Ya memang begitulah prinsip yang tepat untuk dipegang oleh ketiga ormas ini. Kita tidak bisa lari dari kenyataan sejarah, bahwa kontribusi ketiga ormas ini begitu besar terhadap bangsa dan negara. Panggung sejarah bangsa tidak pernah bisa lepas dari tampilnya tokoh-tokoh alumni ketiga ormas tersebut.

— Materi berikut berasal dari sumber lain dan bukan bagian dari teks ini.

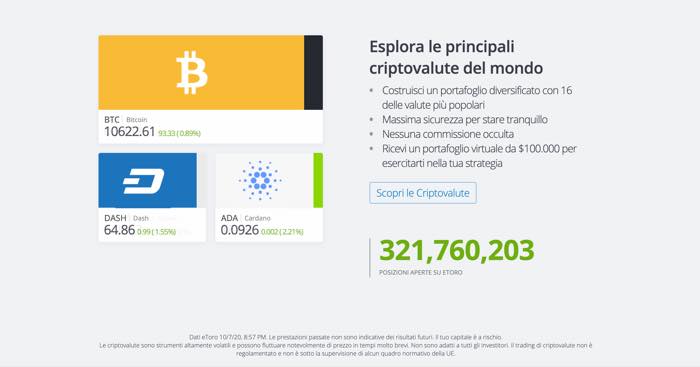 criptovalute etoro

Sedangkan adik-adik yang belum alumni pasti terlibat aktif dalam berbagai aksi, pemikiran dan sikap yang sangat signifikan bagi tumbuh kembangnya NKRI. Walaupun tidak satupun kader ketiga ormawa ini berhasil menjadi Presiden RI, namun untuk posisi Wakil Presiden, ketua lembaga negara, pembantu presiden, kepala daerah, kepala desa dan ketua parpol penuh dengan alumni dan anggota ketiga trio ormawa tersebut. Ini belum bicara tokoh LSM anti korupsi, tokoh media dan tokoh pengusaha.

Garis besar sejarah ketiga ormawa telah kita baca dan ketahui bersama, jasa dan peranan ketiga ormawa dalam kehidupan berbangsa dan bernegara juga telah kita ketahui bersama, kini kita sebagai adik-adik penerus perjuangan Lafran Pane, SM Hadiprabowo dan Mahbub Djunaidi hanya tinggal melanjutkan apa yang telah kakak-kakak kita lakukan untuk republik ini. Kita bergandengan tangan dan bahu membahu membangun serta merawat NKRI tercinta ini.

Penjajah asing telah pergi, penjajahan oleh sesama rambut hitam juga telah berakhir, sekarang marilah para anggota HMI, GMNI dan PMII kompak melawan perilaku korup, walaupun itu dilakukan oleh kakak-kakaknya sendiri. Dan alumni HMI, GMNI, PMII tidak perlu lagi angkat senjata dalam memperjuangkan negara ini, kita hanya perlu satu hal, sederhana sekali, yaitu cukup “tidak korup”. Korupsi, adalah musuh terbesar NKRI saat ini.